Among the records that follow, find the line with "Nuovo <span class=keywords><strong>Pigiama</strong></span>" and the line with "extant_GameOfThrones_4x01-TwoSwords_1042". Set down those lines and all lines between them exactly, without adding anything.
Record extracts section start
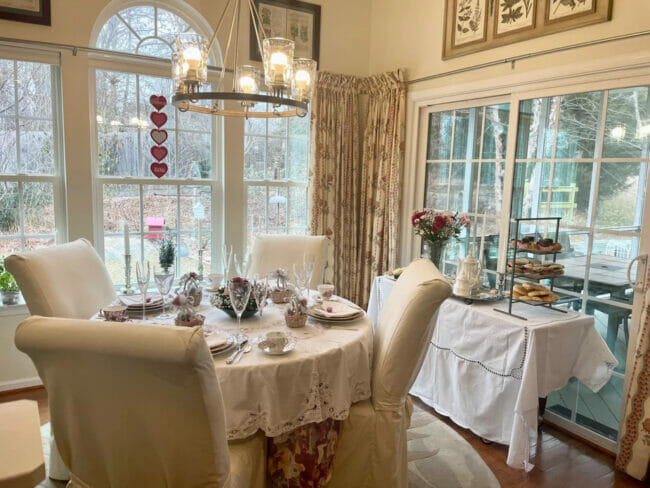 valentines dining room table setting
Record extracts section end
Record extracts section start
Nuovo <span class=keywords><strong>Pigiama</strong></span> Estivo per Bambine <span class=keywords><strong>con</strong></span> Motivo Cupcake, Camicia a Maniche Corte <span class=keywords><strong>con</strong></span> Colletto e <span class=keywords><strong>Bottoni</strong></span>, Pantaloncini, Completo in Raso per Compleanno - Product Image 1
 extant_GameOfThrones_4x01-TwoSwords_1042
Record extracts section end
Solution for this task:
Nuovo <span class=keywords><strong>Pigiama</strong></span> Estivo per Bambine <span class=keywords><strong>con</strong></span> Motivo Cupcake, Camicia a Maniche Corte <span class=keywords><strong>con</strong></span> Colletto e <span class=keywords><strong>Bottoni</strong></span>, Pantaloncini, Completo in Raso per Compleanno - Product Image 1
 extant_GameOfThrones_4x01-TwoSwords_1042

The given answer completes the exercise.